5年に1度行われるPISA国際学力調査で、日本が大躍進を遂げたことが大きく報じられています。 数学で5位、読解力で3位、科学で2位と、3分野全てにおいて世界トップレベルで前回より得点も上昇しました。コロナ禍の影響が少なかったことや学びの工夫が功を奏したようです。
しかし、社会人の方々には、この数字に違和感を覚える方も多いのではないでしょうか。日本は、物価上昇がゼロ以上に浮上したこの数年間もほぼゼロ金利の預金を増加させていますし、他国よりもサイエンス系のイノベーションが進んでいるとは言えない状況です。
この違和感の背景を考え出したらキリがないかもしれませんが、一点だけ、今回のPISAデータを見て大きな問題だと感じたことを挙げます。それは、学びの場で「実社会との結びつきが少ない」という点です。
調査では、数学を実生活における事象と関連付けて学んだ経験を聞く項目があります。日本は、そのスコアが平均より圧倒的に低く、7割以上の学生が、「先生が私たちに、日常生活で数学がどのように役立つかを示してみせた」のは「授業の半分以下かゼロ」と答えました。
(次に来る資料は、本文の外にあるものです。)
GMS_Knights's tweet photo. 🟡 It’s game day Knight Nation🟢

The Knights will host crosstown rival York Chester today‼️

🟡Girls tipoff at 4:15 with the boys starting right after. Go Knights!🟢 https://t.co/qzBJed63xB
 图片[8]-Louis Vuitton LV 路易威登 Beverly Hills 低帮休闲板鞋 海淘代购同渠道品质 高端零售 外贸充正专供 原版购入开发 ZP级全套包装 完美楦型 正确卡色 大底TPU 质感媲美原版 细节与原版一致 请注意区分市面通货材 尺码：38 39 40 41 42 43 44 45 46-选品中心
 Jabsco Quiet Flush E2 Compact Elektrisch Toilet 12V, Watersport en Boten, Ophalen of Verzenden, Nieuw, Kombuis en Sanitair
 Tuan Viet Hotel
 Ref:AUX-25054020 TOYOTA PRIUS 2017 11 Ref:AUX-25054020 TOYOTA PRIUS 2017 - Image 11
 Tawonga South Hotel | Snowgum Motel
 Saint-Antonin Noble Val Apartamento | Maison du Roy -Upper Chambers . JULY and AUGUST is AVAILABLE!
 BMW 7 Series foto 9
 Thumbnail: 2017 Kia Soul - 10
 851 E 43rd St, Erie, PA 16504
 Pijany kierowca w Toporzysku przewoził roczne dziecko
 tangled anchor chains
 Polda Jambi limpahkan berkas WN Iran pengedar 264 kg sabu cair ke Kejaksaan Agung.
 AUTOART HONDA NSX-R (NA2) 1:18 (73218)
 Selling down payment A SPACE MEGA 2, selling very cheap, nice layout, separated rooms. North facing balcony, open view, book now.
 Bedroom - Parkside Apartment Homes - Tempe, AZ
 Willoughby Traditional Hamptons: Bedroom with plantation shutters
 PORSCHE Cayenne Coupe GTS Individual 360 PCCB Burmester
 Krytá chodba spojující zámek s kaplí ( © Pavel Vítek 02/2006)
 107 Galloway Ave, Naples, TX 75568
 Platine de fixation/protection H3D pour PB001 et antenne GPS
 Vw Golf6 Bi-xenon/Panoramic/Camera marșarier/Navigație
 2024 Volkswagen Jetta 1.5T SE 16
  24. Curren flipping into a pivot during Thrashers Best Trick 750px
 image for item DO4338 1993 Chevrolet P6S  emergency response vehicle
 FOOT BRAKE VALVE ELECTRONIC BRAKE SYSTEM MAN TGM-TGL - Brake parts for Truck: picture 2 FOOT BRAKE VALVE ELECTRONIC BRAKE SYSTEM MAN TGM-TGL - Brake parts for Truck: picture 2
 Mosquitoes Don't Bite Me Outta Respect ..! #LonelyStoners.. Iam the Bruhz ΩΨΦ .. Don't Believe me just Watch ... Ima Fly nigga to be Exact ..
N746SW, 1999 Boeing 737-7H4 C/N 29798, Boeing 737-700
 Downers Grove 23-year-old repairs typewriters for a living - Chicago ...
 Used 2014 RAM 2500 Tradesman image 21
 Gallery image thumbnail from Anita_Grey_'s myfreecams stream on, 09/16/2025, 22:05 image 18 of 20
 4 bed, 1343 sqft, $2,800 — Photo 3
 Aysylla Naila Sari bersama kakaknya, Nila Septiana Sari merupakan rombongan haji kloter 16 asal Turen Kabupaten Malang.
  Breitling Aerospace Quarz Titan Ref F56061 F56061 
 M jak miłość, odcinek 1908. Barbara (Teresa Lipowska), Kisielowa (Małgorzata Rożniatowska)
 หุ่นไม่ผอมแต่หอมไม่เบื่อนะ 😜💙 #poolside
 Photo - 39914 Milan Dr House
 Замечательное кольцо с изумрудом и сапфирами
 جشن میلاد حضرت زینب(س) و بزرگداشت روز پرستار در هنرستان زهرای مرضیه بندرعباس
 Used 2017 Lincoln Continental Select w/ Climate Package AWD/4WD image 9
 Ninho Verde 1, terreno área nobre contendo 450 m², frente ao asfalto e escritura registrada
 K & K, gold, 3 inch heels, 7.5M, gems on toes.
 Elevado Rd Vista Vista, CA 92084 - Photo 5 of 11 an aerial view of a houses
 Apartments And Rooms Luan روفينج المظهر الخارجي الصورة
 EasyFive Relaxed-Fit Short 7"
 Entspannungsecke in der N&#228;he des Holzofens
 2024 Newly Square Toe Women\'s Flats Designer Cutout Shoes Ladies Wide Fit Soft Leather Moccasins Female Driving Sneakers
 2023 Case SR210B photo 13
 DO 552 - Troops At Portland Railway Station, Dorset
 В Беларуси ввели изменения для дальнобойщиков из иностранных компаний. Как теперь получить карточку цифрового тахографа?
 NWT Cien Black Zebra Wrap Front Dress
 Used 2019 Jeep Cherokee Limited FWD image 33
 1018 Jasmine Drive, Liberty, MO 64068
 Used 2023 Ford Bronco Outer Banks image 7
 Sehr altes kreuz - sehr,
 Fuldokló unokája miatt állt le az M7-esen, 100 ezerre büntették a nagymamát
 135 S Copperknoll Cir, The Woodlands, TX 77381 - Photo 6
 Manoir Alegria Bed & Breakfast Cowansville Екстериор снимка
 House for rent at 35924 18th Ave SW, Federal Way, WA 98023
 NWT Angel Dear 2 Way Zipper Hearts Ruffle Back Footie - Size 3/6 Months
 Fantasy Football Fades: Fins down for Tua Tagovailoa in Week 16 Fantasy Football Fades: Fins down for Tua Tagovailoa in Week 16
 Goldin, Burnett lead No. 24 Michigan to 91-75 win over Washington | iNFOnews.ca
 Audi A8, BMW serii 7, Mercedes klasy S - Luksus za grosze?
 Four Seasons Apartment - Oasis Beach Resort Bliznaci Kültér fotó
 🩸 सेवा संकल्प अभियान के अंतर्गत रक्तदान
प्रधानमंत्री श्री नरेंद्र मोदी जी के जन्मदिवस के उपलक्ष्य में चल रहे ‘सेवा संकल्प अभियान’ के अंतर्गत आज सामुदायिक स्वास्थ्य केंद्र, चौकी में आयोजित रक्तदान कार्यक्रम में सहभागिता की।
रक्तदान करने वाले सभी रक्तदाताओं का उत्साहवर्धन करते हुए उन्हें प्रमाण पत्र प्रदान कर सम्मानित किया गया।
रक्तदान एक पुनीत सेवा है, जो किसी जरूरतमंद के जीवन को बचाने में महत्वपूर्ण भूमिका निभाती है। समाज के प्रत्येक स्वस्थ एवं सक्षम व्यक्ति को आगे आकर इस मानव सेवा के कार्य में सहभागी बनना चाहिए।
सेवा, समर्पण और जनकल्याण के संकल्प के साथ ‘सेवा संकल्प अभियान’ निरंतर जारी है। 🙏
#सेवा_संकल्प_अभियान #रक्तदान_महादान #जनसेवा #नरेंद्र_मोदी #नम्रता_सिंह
世界トップクラスの学力を生活と連携させられず、卒業とともにその知識が失われているとすればものすごい損失です。学校では、明日からでも指導方法を改めて欲しいと思います。例えば、高校で金融教育が始まったことは素晴らしい一歩だと思いますが、数学の授業と連携して、将来の企業利益の現在価値とか利息の複利計算から自然対数の底を考えるとか、投資の世界で数学を絡めることは大変重要だと思います。我々のようにとうの昔に学校を卒業した者も、かつて受けた世界水準の教育を生かして投資を考えるのもよいのでは、と思います。それで勝てるかどうかは別問題かもしれませんが…。